Jessica Green loved The Farm.

Even though The Farm she knew was nothing more than a dream and an undeveloped 2-acre piece of land in a semi-rural part of Mandarin, the place was special to her, said her mother, Helen Green.

She would go there and stand by the fence and call softly to a neighbor’s old horse. The horse, which wouldn’t have anything to do with anyone else, would come to the fence to be pet and kissed by Jessica.

“When she went out there, she felt a peace,” Helen Green said. “She was excited about being part of it.”

The Farm was born in the imagination of Marie and Ricardo Quinones, whose 14-year-old daughter, Raquel, is autistic, as was Jessica.

Marie Quinones and Helen Green met and became friends through their involvement in the Center for Autism and Related Disorders.

They shared a desire to create programs that would help people with autism spectrum disorders create support networks to help them adjust to life in a world that doesn’t understand them.

Autism is a developmental disorder marked by impaired social interaction and communication and restricted activities and interests. It can have varying degrees of effect on a person.

It afflicts as many as one in 150 children, more commonly boys, according to CARD.

As Marie Quinones talked about her plans for The Farm, Helen Green envisioned a kind of sanctuary, “a safe haven” where people with autism and their families could escape the stress and sensory overload of their daily lives.

Jessica, she said, often talked about how eager she was for the project to come together.

But Dec. 19, Jessica unexpectedly died in her sleep at age 27 following a seizure, one of the complications of her disorder.

For most of her life, Jessica had been an enthusiastic bike rider. She told her mother she loved the feeling of being “in control” when she was riding and loved be able to work out her frustrations on a long ride.

“To say she rode a lot might be an understatement,” said Charlie Fetzer, a co-owner of Lake Shore Bicycles & Fitness, where Jessica was a regular visitor.

Fetzer said he was already thinking about organizing a Memorial Day ride on the Baldwin Rail Trail before he learned of Jessica’s death.

Now Ride with Me, which Fetzer hopes can become an annual event, will be held Monday in Jessica’s memory.

Proceeds will go to benefit In the Farm, a nonprofit foundation the Quinoneses have formed.

The Quinoneses have built a stable on the property where a horse and a goat, both rescue animals, now live. Raquel Quinones now spends part of each evening feeding the animals and cleaning the stalls, jobs that she loves doing, her mom said.

This summer, the Quinoneses plan to build two more structures.
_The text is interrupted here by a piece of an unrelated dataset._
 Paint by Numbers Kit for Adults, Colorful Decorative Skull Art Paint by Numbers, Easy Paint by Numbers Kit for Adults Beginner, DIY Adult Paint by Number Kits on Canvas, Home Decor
One will be a home where they will live with Raquel and her 3-year-old brother, Angelo, who has cerebral palsy.

The other building can be a guest house for families and can also serve as a center for some of the programs they envision starting.

They will use their own money to pay for the construction, Ricardo Quinones said.

They hope money raised through the nonprofit In the Farm will help pay for some of the programs they envision.

There is already a spot set aside for a “healing garden,” where people can learn about growing flowers, fruits and vegetables “in a soothing, structured setting,” Marie Quinones said. In time, it could even become a micro-business, selling organically raised fruits, vegetables and flowers, her husband added.

“We want to build communities,” Marie Quinones said. “This is a place where we can establish some relationships.”